Look for "The spectral light" in the entries below. Then write out exactly the line that holds it and every line after it, to the last, and nothing else.

• **Items from a data source**
....

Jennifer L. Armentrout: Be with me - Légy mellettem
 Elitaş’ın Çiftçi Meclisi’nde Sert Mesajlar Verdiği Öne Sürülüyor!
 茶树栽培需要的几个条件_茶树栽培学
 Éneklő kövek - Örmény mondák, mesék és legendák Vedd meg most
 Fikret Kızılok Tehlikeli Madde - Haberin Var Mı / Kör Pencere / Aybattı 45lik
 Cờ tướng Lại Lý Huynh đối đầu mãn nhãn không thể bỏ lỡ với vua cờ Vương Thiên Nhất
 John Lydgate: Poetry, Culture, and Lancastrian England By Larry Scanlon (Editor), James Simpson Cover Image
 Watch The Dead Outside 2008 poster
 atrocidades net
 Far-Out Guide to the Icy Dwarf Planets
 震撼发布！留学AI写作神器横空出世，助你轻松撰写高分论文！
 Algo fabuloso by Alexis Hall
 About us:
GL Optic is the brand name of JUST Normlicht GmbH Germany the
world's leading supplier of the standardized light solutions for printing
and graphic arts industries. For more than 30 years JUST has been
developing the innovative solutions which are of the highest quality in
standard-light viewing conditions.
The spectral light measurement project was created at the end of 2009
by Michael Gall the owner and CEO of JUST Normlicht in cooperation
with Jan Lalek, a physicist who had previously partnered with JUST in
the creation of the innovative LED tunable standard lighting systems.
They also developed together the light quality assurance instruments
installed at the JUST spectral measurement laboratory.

....

• **ANSWER SECTION**
The spectral light measurement project was created at the end of 2009
by Michael Gall the owner and CEO of JUST Normlicht in cooperation
with Jan Lalek, a physicist who had previously partnered with JUST in
the creation of the innovative LED tunable standard lighting systems.
They also developed together the light quality assurance instruments
installed at the JUST spectral measurement laboratory.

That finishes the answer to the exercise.